Mainly because we're not finished yet reading all the applications. When someone gets an exploding termsheet, we can all read their application immediately, but we can't do that for everyone.
Also, Robert flies in for the real interviews. When we interview people early, we have to do it without him.
Also, purely curious question: when you're looking through applications, is there a bar of "this is how many people we'll interview"? Or do you set a bar for quality-of-app, then take as many people as place above that bar?
There's a numeric bar for how many people we'll interview, based on how many groups we can physically talk to in 3 days. We usually interview 50 to 60 groups; it's hard to talk to more than 20 per day. At interviews, though, we care more about quality than numbers. We wouldn't reject a good group because we were over some number.
Well, people who interview when there's a full moon tend to get in, but of course it all depends on what pg had for breakfast that particular day.
Joking aside, it's probably best not to publish that kind of thing so that people inadvertently worry about something they can't control. The only reason to do those sorts of stats might be for pg & co. to check and make sure they don't have some sort of biases, but it doesn't seem likely.

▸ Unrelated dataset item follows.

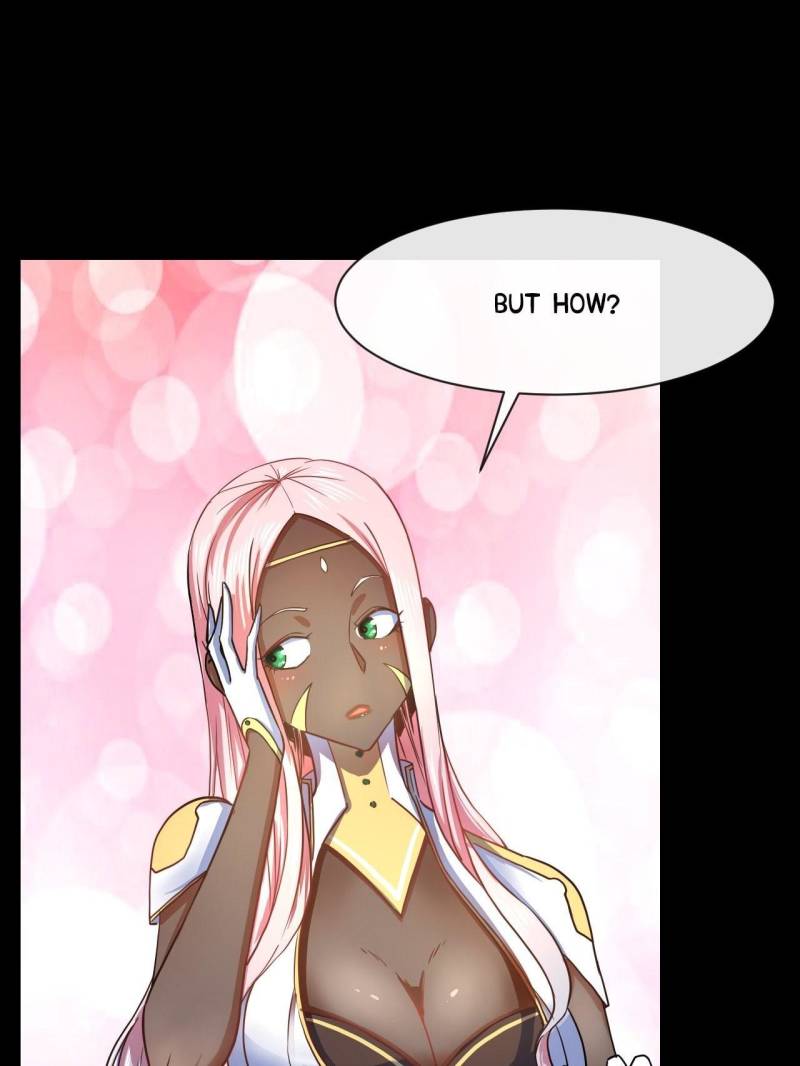 Page 15 of Chapter 85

The first part regd. time of the day was asked since PG mentioned (not sure if it was an essay or a comment on HN) that he used to get mundane stuff done during the day, and then code from 9 pm to 3 am.
This is not to say, PG ignores the early interviews and kicks it into high gear for the evening ones; just that if you look at the results, are there any insights or patterns.
I agree that YC should not publish these stats, but if they did learn anything interesting that could be shared with everyone, it would make a good read.
Anecdotally, I feel like we made a mistake choosing to be the first interview on Day 1 last season. You only get 10 minutes and they (as you'd expect) weren't quite yet "in the zone" regarding the daily schedule and interview rhythm, so our interview probably wasn't as focused as the later interviews got. We had lots of fun talking with them, though, and the "first interview of the season" could have easily swung the other way in terms of being a good time to present.
But, maybe because they hadn't gotten warmed-up yet, we didn't even get to talk about the startup idea we came to talk about. We shouldn't have mentioned our existing site, but they seemed so excited about it that the 10 minutes was over in a flash without getting to the business idea we submitted.
No matter when you interview, though, know that you don't get those 10 minutes back. Focus on what you think has the highest percentage chance to get you accepted. For us, we started off with an exciting idea that just happened not to be aggressive enough for that particular round.
This year might be better off because you've already submitted a video that gives you a headstart, but make the most of your interview time, regardless of timeslot.
Not YC specific, but from what I've heard from friends that have pitched VCs fairly often, earlier is better because that way you're not the n-th pitch they've heard that day.
I know when I've been at startup events where there's a lot of groups pitching I'm much more attentive for the first ones. Pitch #24 has to really be something for me to even remember what they're doing.
Hopefully there's little to no bias based on scheduling, but even if there was, publishing the statistics would only exacerbate the problem.
Not only would PG et al be thinking about this while the interviewed people ("This doesn't really seem interesting, but is that just because they're the 18th pitch today?"), but it would also distract the startups, when all they should be focusing on showing YC how awesome they are.
As far as I can tell, the people at YCombinator are extremely qualified to pick the best companies out of the group, and they generally do a pretty great job of it.